From Rachael Ray: 365 No Repeats
Coarse salt
1 bunch broccoli rabe, coarsely chopped
4 Tbsp extra-virgin olive oil (EVOO)
5 large garlic cloves, carefully cracked from the skins and very thinly sliced
2 pounds flank steak, thinly sliced against the grain
coarse black pepper
1 medium yellow onion, thinly sliced
1 red bell pepper, cored, seeded, and thinly sliced
1/2 tsp crushed red pepper flakes
2 Tbsp balsamic vinegar
1/2 C shaved Parmigiano-Reggiano, shaved from a wedge using a vegetable peeler
Crusty bread, warmed, to pass at the table
Bring a medium sauce pot of water to a boil, salt it, then add the broccoli rabe and cook for 5 minutes. Drain in a colander, scatter on a cookie sheet or large plate to quick-cool, then reserve.
Add the EVOO to a large nonstick skillet and arrange the sliced garlic in an even layer. Turn the heat on medium low and slowly brown the garlic, about 3-4 minutes. Keep an eye on it; garlic can go from golden brown to burned very quickly. Once the garlic is golden brown, remove it with a slotted spoon to a plate lined with a paper towel.

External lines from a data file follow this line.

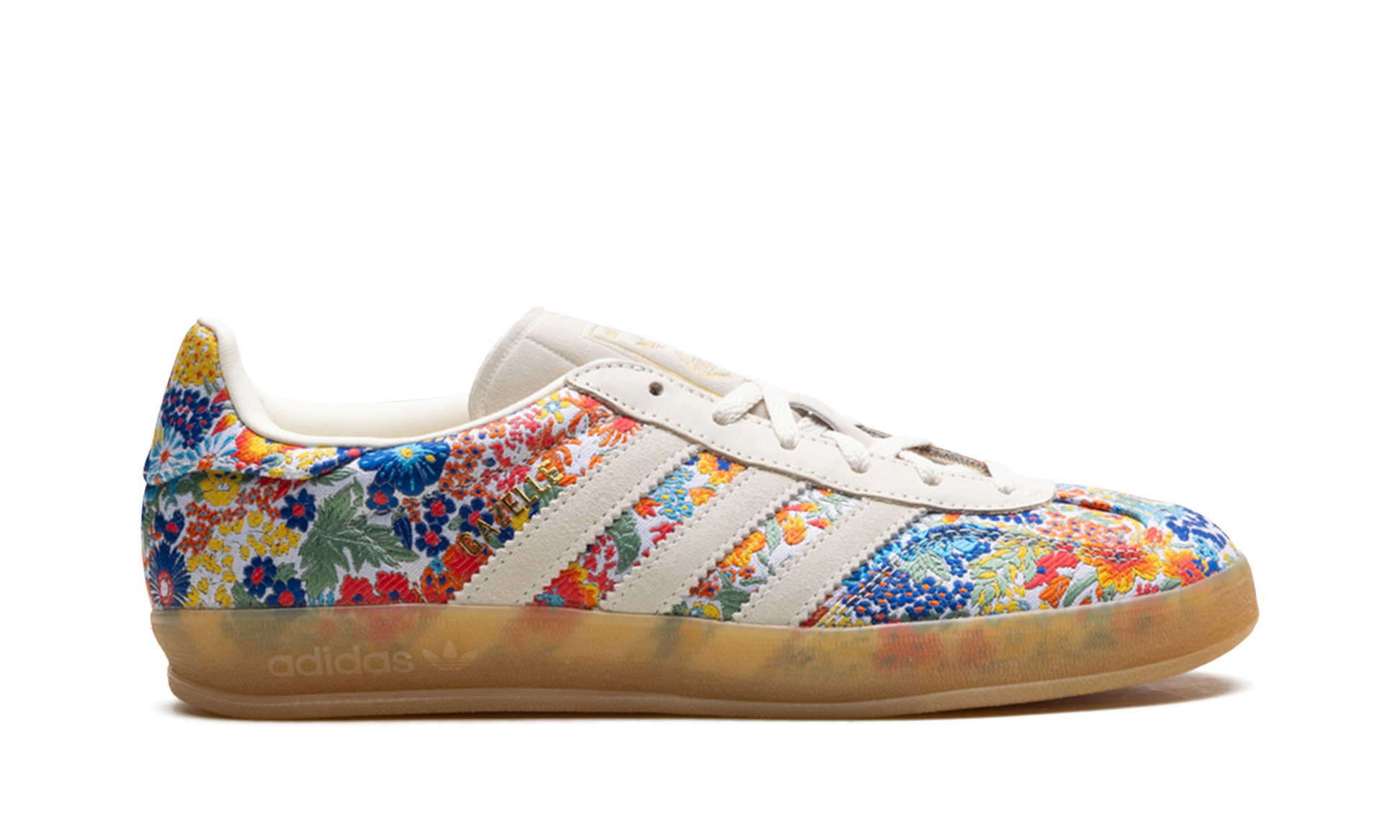 Gazelle Indoor Wmns "liberty London - Floral Embroidery" - 6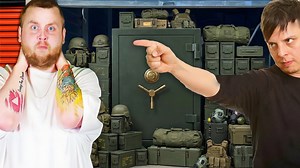 The MOST INTENSE Storage Unit Battle EVER! $15,000 Storage Unit! | Treasure Hunting With Jebus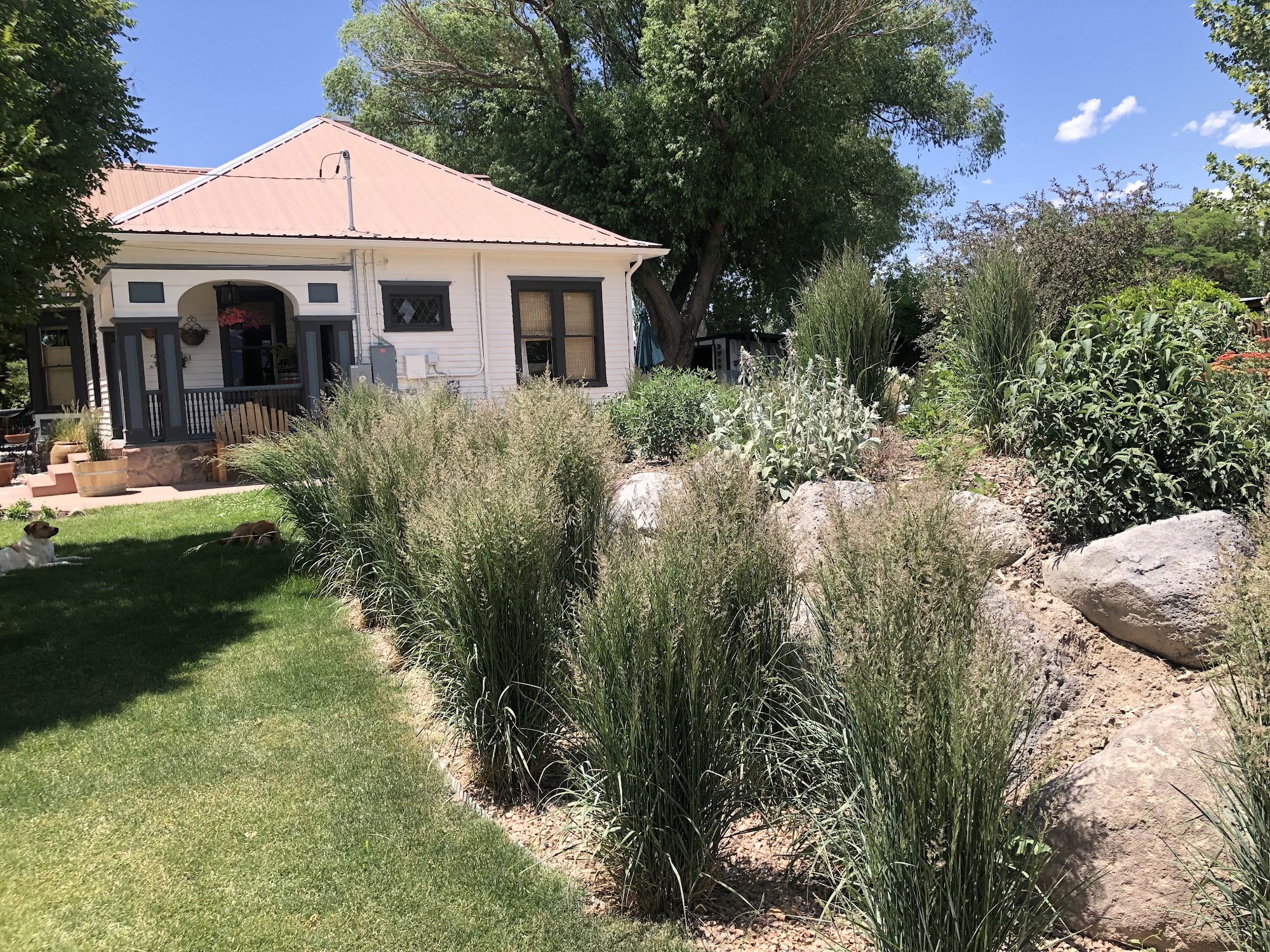Peaceful Valley Irrigation & Landscaping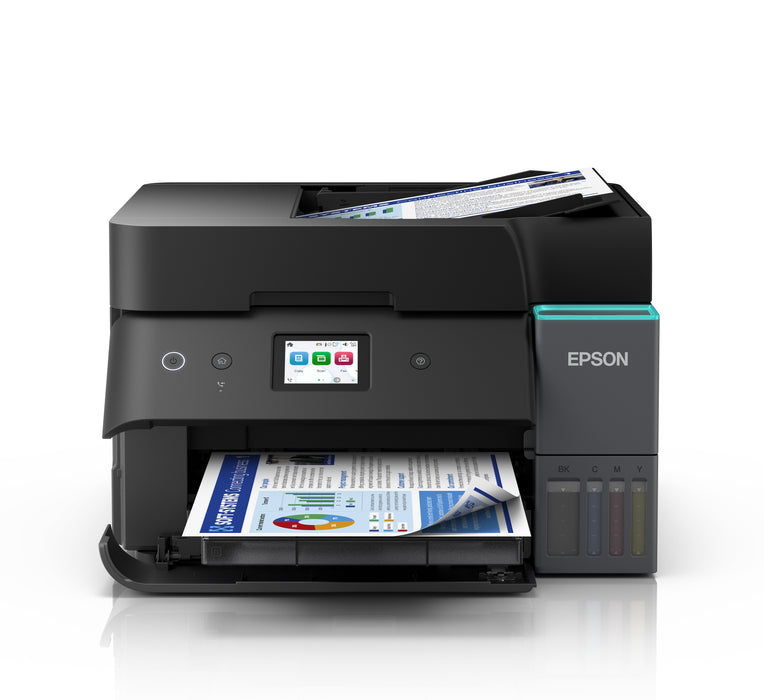 EAN 8715946733265 - Epson EcoTank L6390 Inyección de tinta A4 4800 x 1200 DPI Wifi imagen 2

Turn the heat up to high. Once the oil ripples and begins to smoke, add the beef to the pan in an even layer and season it with salt and pepper. Do not move the beef for 2-3 minutes. Give it time to caramelize. If you force it, you will rip the meat and make it tough. Once it is well browned on one side, stir the beef and continue to cook 1 more minute. Remove the beef from the skillet with a slotted spoon and reserve it on a plate.
Return the skillet to the heat and add the onions, bell peppers, red pepper flakes, salt, and pepper. Cook, stirring frequently, for 3 minutes, or until the onions and peppers are tender. Add the reserved broccoli rabe, toss, and stir to combine. Season with salt and pepper and continue to cook for 2 minutes. Add the reserved beef and garlic. Add the balsamic vinegar and cook 1-2 more minutes to finish cooking the beef. Turn off the heat and add the parsley. Toss it all together and serve immediately, garnishing each serving with shaved Parmigiano curls. Serve with hot crusty bread.